I read this book for the Vintage Mystery Bingo Reading Challenge 2015. The challenge is to read 6 or more Vintage Mysteries. All novels must have been originally written between 1960 and 1989 inclusive and be from the mystery category.

I read this for the category “I-2 a Number or quantity in the title”

Rationale: I argue that “fortune” is a quantity since it refers to “large amount of money or assets”

The Case of the Phantom Fortune – Erle Stanley Gardner, 1964

This Perry Mason novel should not be confused with Phantom Fortune, a novel by Mrs. Braddon, the author of the still worth reading Lady Audley’s Secret.

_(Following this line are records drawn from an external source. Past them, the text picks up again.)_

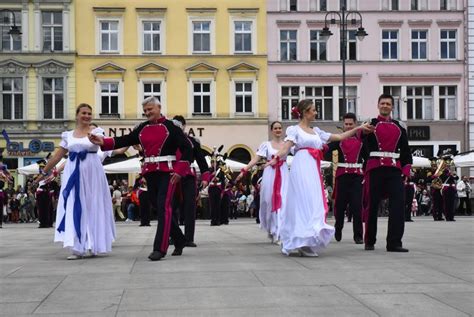 Oficjalny Serwis Bydgoszczy Zespół Pieśni i Tańca Ziemia Bydgoska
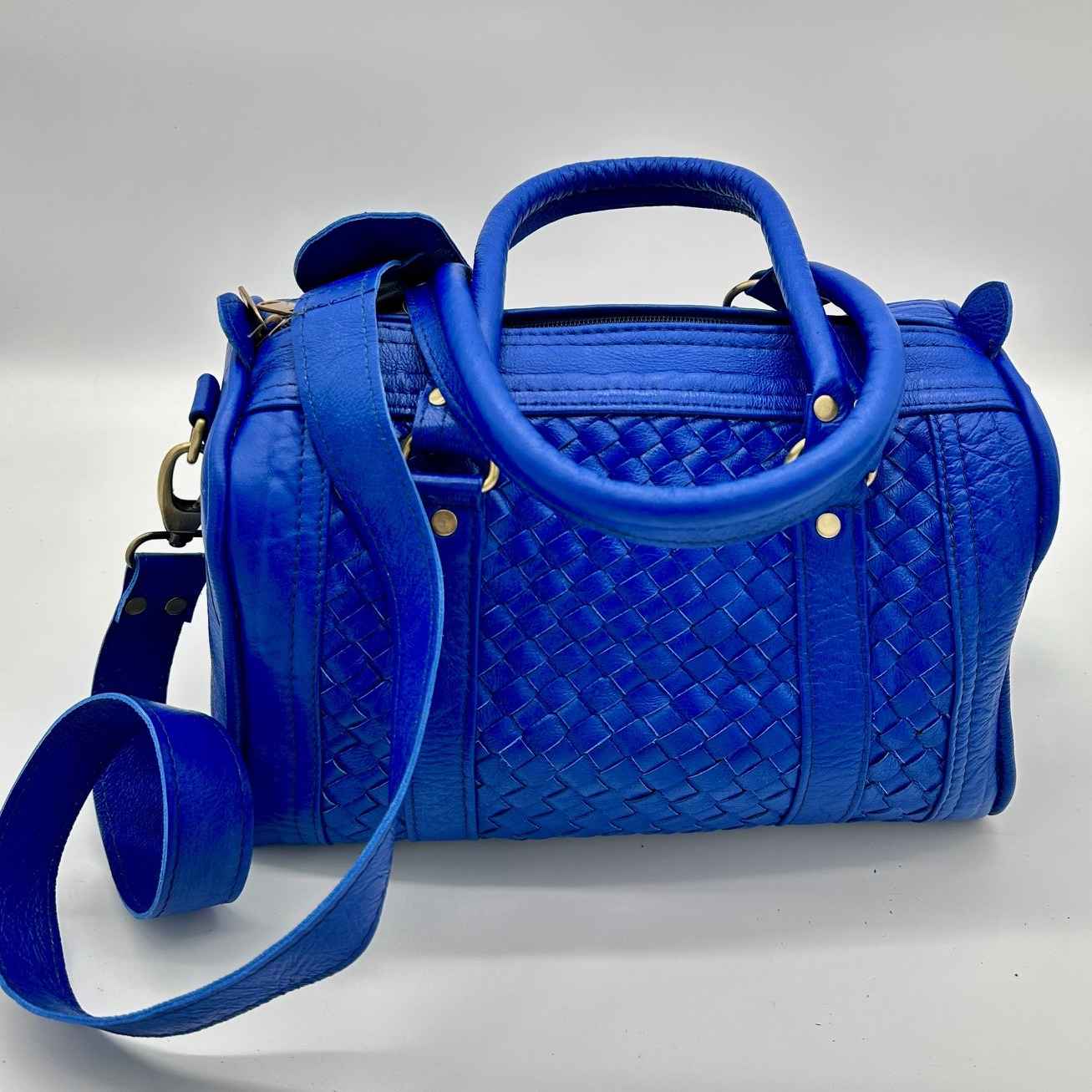 Kastenförmige Handtasche aus royalblauem, geflochtenem Rindsleder mit zwei Lederhenkeln und Reißverschluss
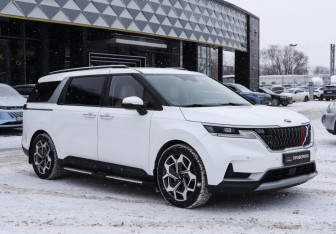 Подержанный автомобиль Kia Carnival 2020 года (3 фото)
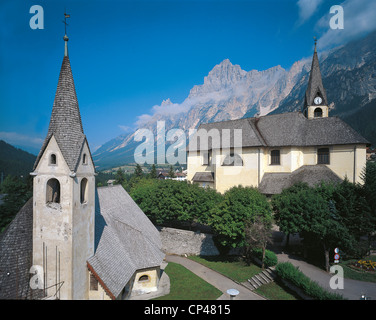 Veneto Dolomiti Boite San Vito di Cadore (Bl). La chiesa parrocchiale dei Santi Vito, Modesto Crescentia, Chiesa della Beata Vergine della Difesa Foto Stock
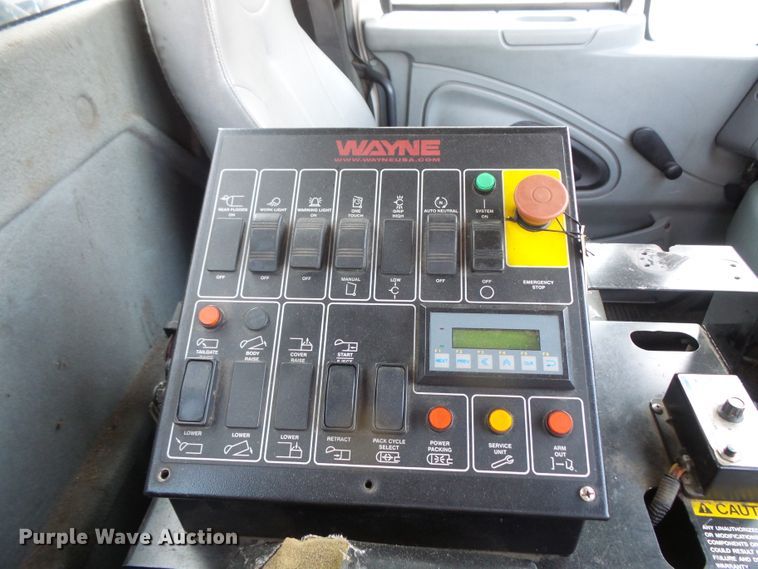 image for item FM9696 2006 International 7400 refuse truck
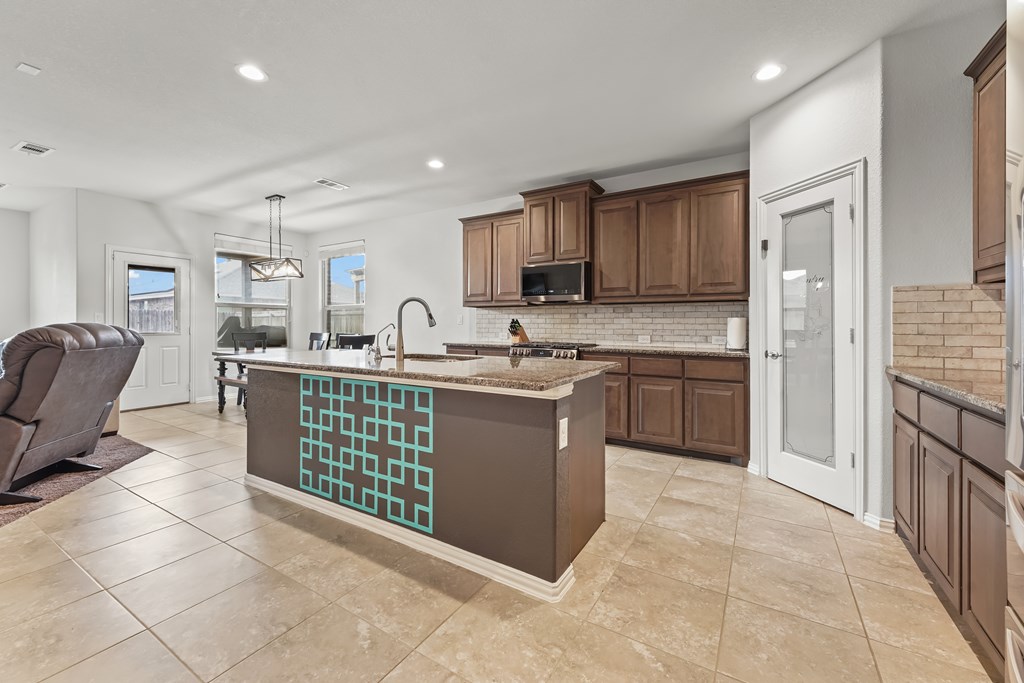 7005 Longfellow Ranch Road, Odessa, Texas image 7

Long-time readers of this blog know that I’m unimpressed with Gardner’s output of the 1960s. He asks for leaps of faith and suspensions of belief that are beyond me. But notice that I still read them. While doing so, I look on the bright side.

The upside of this one is that Perry Mason re-assumes his hard-boiled manner of the novels from the late 1930s and early 1940s. He tells a blackmailer of the three ways to deal with a blackmailer: pay up, go to the cops, or kill the blackmailer. He lets the blackmailer conclude that Perry will indeed snuff him if he persists in his demands.

Another upside is that the blackmailer ruthlessly exploits a guileless youth. He also has a George Sanders-type charm that is smooth and reptilian. He’s a scary creation, more memorable than Gardner’s usual greedy businessman or desperate lover. 

The main appeal of this one is its twists and turns. So I don’t want to give away incidents in a review.  I think any Mason fan will like this one.